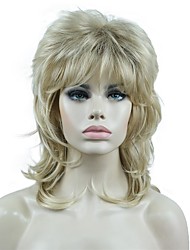 cheap -Shaggy Layered Wig Shoulder Length Women&#039;s Wig with Hair Bangs Premium Synthetic Hair Wig for Women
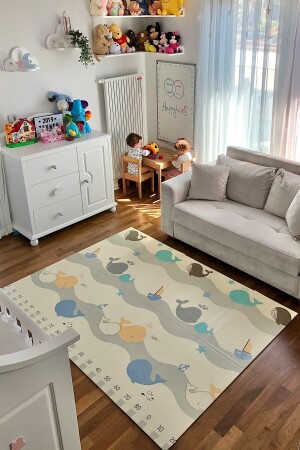 Yogi Whales faltbare doppelseitige Spielmatte 150 x 200 x 1 cm - 2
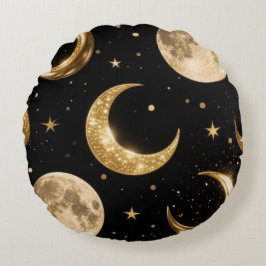 Golden Metallic Måne Mönster,Luxe Celestial Rund Kudde
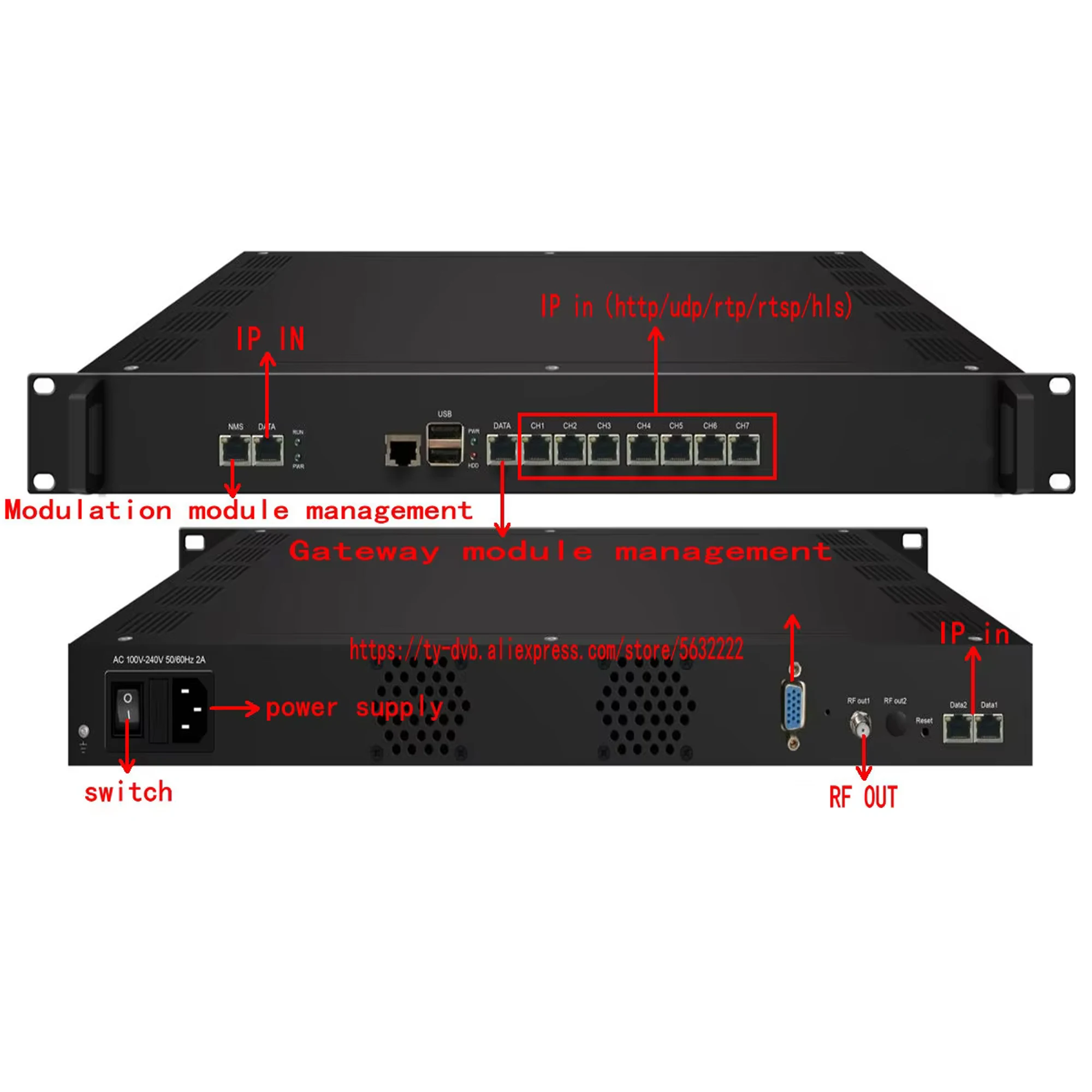 IPTV Streaming Modulator IP (HTTP/RTSP/RTP/UDP/HLS) to Digital RF (DVB-C/T/ISDBT/ATSC) Hotel Cable Front-End Equipment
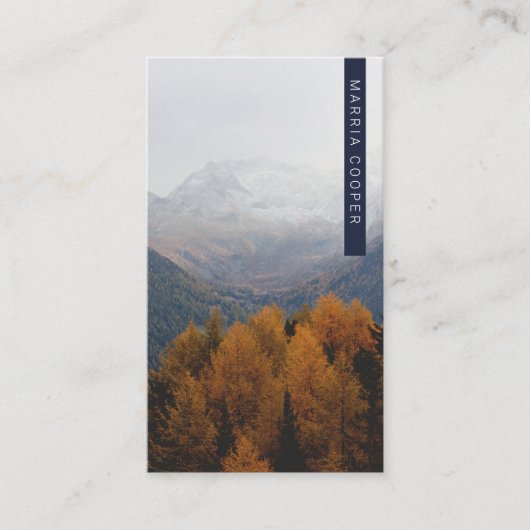 プロフェッショナルダークブルーフォトロゴQRコード 名刺 (正面)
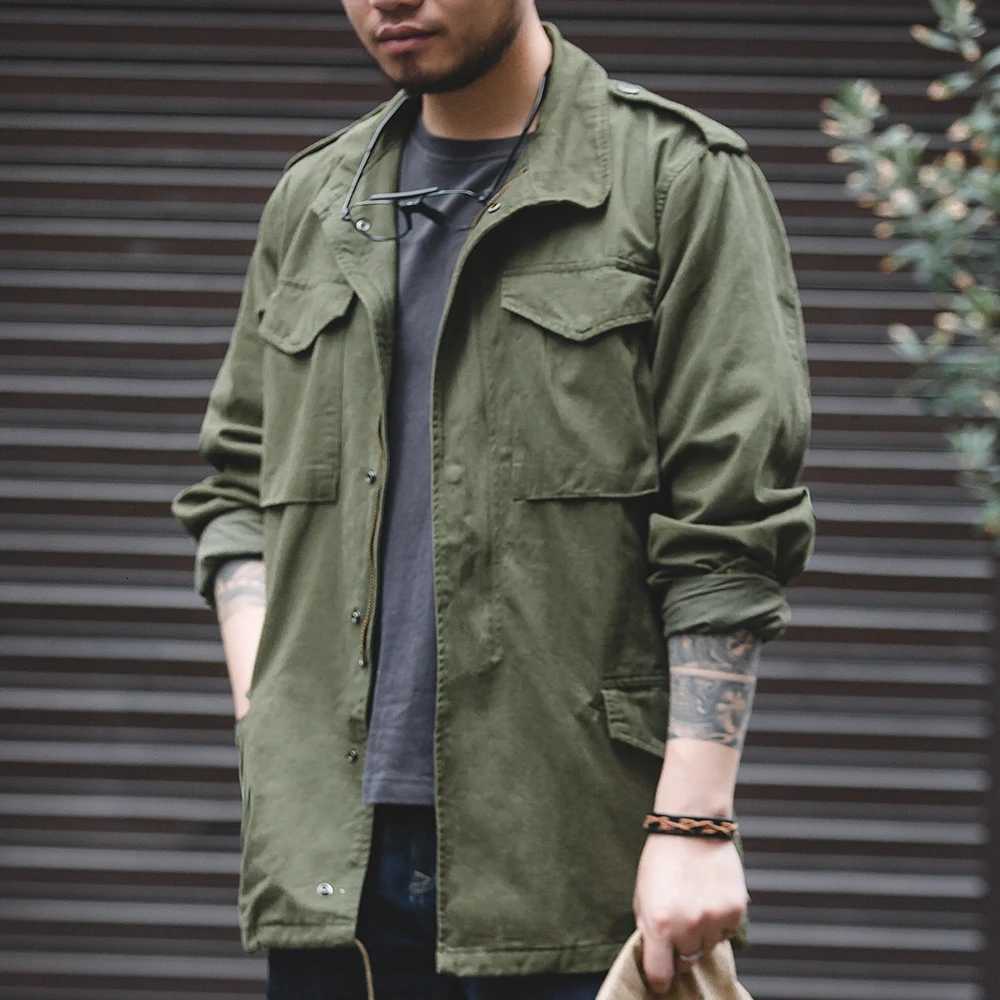 Mens Retro M65 Jackets for Men Green Outdoor Windbreaker Vintage Casual Solid Coat Mens Clothing Multi-Pocket Jacket W250809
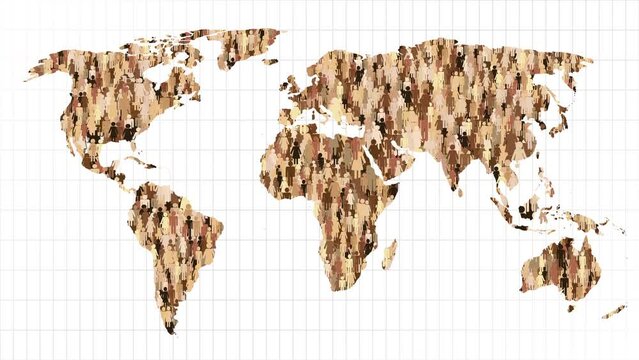 World population rising. Overpopulation rate. Birth rate growth. World map contour is being filled with silhouettes of men and women in colors of skin tones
---
### Task to carry out
A word-for-word copy of all the records above is required, with the pictures left out.

### Reply to the task
 cheap -Shaggy Layered Wig Shoulder Length Women&#039;s Wig with Hair Bangs Premium Synthetic Hair Wig for Women
 Yogi Whales faltbare doppelseitige Spielmatte 150 x 200 x 1 cm - 2
 Golden Metallic Måne Mönster,Luxe Celestial Rund Kudde
 IPTV Streaming Modulator IP (HTTP/RTSP/RTP/UDP/HLS) to Digital RF (DVB-C/T/ISDBT/ATSC) Hotel Cable Front-End Equipment
 プロフェッショナルダークブルーフォトロゴQRコード 名刺 (正面)
 Mens Retro M65 Jackets for Men Green Outdoor Windbreaker Vintage Casual Solid Coat Mens Clothing Multi-Pocket Jacket W250809
 World population rising. Overpopulation rate. Birth rate growth. World map contour is being filled with silhouettes of men and women in colors of skin tones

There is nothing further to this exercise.